You probably read Kramer's thread. One week she's going to OM's daughter's birthday party and the divorce is proceeding on schedule for him and the next she is apologizing, sending NC letter and committing to recovery. Situations change on a dime around here.
I hope I've given you some important things to think about if and when your situation does something similar. Although Kramer's wife sounds like she's committed, the fogginess comes out sideways at times. She is embarrassed about her behavior but she's also not "in love" with Kramer right now. It's really tough to navigate that situation. For example, he told her "one shot" and that ANY contact with OM and it'll be over. Fine. Nice boundary. But what's THEIR plan to make that happen. Say OM calls his wife. Is THAT it? Is she supposed to hang up?
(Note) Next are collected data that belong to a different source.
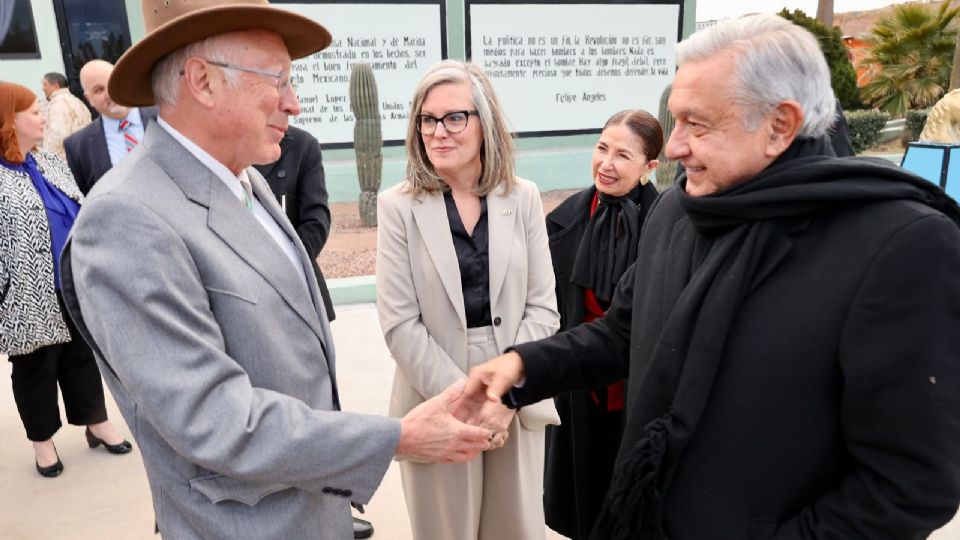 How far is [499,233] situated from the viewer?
235 cm

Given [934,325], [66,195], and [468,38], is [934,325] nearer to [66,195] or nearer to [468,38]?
[66,195]

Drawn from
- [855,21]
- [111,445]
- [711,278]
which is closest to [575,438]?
[711,278]

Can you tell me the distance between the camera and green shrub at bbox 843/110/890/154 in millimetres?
16109

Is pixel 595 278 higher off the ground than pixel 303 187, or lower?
lower

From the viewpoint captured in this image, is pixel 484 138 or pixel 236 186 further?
pixel 484 138

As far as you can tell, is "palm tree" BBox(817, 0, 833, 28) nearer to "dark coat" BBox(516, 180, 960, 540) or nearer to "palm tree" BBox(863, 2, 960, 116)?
"palm tree" BBox(863, 2, 960, 116)

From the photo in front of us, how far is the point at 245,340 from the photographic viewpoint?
131 centimetres

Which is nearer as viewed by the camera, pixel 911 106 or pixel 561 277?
pixel 561 277

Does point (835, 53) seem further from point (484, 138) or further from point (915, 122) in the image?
point (484, 138)

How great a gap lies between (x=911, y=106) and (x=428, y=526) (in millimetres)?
22724

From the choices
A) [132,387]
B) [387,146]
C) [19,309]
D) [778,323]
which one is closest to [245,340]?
[132,387]

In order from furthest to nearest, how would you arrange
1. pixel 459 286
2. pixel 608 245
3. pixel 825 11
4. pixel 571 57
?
pixel 825 11 → pixel 571 57 → pixel 608 245 → pixel 459 286

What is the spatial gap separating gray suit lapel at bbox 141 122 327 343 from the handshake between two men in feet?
1.07

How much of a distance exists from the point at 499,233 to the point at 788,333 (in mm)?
1257
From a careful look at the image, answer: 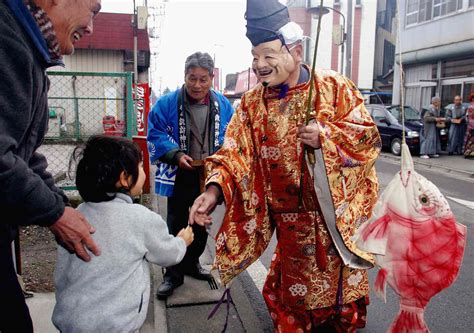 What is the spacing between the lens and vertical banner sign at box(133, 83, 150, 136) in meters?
7.90

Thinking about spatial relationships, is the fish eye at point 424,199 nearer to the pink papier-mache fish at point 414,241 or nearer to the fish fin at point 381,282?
the pink papier-mache fish at point 414,241

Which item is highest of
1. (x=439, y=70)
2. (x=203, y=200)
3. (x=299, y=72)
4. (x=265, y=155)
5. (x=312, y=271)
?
(x=439, y=70)

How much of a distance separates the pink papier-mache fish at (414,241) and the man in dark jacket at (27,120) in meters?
1.17

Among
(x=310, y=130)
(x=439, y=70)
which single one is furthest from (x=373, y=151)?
(x=439, y=70)

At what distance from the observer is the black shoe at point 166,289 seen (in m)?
3.46

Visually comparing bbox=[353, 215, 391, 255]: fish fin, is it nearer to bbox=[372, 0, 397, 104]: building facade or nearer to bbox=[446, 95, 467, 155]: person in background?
bbox=[446, 95, 467, 155]: person in background

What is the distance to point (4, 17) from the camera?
4.58ft

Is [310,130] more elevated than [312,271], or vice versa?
[310,130]

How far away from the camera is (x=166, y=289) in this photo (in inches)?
137

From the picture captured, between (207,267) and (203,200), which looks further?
(207,267)

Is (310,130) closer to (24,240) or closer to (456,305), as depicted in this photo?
(456,305)

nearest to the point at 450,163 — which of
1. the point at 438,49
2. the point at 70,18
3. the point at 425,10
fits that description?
the point at 438,49

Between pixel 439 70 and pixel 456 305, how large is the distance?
14806mm

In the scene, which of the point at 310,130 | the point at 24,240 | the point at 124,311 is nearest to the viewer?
the point at 124,311
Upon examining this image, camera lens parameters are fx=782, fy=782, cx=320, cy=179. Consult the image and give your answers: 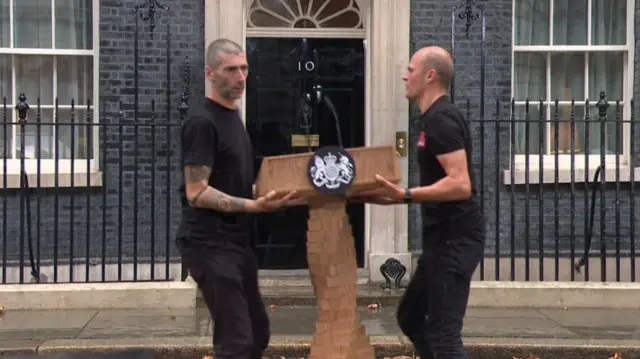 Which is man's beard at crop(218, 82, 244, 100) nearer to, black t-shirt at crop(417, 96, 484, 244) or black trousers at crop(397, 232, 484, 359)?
black t-shirt at crop(417, 96, 484, 244)

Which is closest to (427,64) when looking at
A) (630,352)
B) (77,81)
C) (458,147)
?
(458,147)

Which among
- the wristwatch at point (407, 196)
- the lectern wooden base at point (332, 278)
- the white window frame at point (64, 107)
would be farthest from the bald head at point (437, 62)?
the white window frame at point (64, 107)

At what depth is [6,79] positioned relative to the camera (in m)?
7.77

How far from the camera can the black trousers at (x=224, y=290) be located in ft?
12.4

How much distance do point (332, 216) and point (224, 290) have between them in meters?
0.70

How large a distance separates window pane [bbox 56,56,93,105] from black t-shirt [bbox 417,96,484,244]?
15.8 feet

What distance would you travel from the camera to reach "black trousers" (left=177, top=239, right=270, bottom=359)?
3775 millimetres

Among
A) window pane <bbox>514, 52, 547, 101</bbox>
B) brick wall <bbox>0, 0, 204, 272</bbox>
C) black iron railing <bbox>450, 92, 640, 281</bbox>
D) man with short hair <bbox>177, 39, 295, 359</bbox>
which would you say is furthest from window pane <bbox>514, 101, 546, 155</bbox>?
man with short hair <bbox>177, 39, 295, 359</bbox>

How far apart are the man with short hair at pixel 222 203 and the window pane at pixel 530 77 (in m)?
4.83

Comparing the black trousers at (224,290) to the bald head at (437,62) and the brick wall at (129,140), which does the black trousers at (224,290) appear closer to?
the bald head at (437,62)

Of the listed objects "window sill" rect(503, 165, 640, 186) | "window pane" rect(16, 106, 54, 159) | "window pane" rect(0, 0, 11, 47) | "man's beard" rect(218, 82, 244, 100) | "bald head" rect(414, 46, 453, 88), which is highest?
"window pane" rect(0, 0, 11, 47)

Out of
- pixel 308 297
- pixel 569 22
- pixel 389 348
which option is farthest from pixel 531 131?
pixel 389 348

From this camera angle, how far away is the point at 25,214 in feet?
24.5

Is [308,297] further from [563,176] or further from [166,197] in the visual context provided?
[563,176]
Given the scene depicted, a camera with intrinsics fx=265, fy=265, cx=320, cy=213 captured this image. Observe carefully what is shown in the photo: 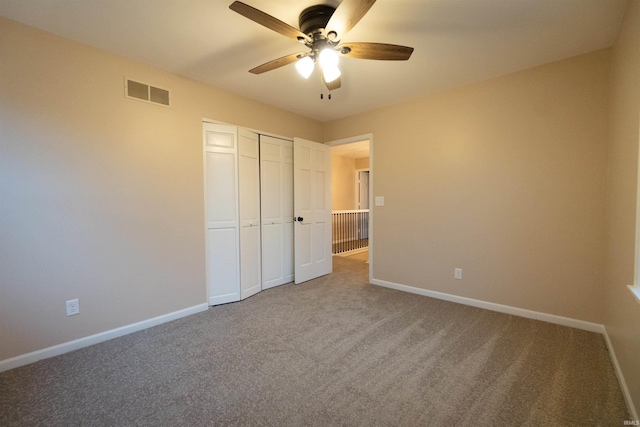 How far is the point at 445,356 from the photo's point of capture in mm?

She's MAD as heck at OM so she's probably going to talk to him and yell at him. That would be a huge mistake on her part and risks reigniting the affair; however, it's typically crap that happens. Should Kramer end it then? Instead he should be working with his wife as a team to come up with a plan to make sure "no contact" is implemented along with a set of guidelines for if and when it doesn't. Closure contact is common. Suppose OM comes to his wife's place of work. Kramer should discuss that it would be best for their joint marriage recovery that she NOT speak to him. Not one word.. Have someone else ask him to leave or call the cops if he doesn't and IMMEDIATELY call her betrayed husband. If she doesn't speak to him...there would then be any no conversation to recall word for word that the betrayed husband would have to trust. It's much easier to say "I didn't say one word to him...I got up, walked away and called you".
Off my tangent.
Your wife may or may not be ready to start a real recovery. She could file for divorce on Monday for all I know. But, when she is you need to recognize that your strategies have to stay intact. It's not really recovery...yet. Instead of jumping in too far, you still have to play the game of attraction by distancing and pursuing. Kramer has a good start but he's not nearly off the battlefield yet. Recovery takes, in the best of situations, a year to accomplish. Most take two.
Wayward wives are very hard to turn around. They "love" one romantic interest at a time. However, once they do turn towards you, they are much easier to recover with as GENERALLY, they are much more willing to participate in a recovery plan IF the husband insists on one. The "plan" then saves the marriage. This is in contrast to most wayward husbands who love both their wife/family AND the OW. Many betrayed wives find it much more easy to get their wayward husbands to dump the OW and "come home", yet very difficult to get their husbands to participate in any kind of marital recovery plan.
The internet is 90% complaining and entitlement and I hate it because I deserve better!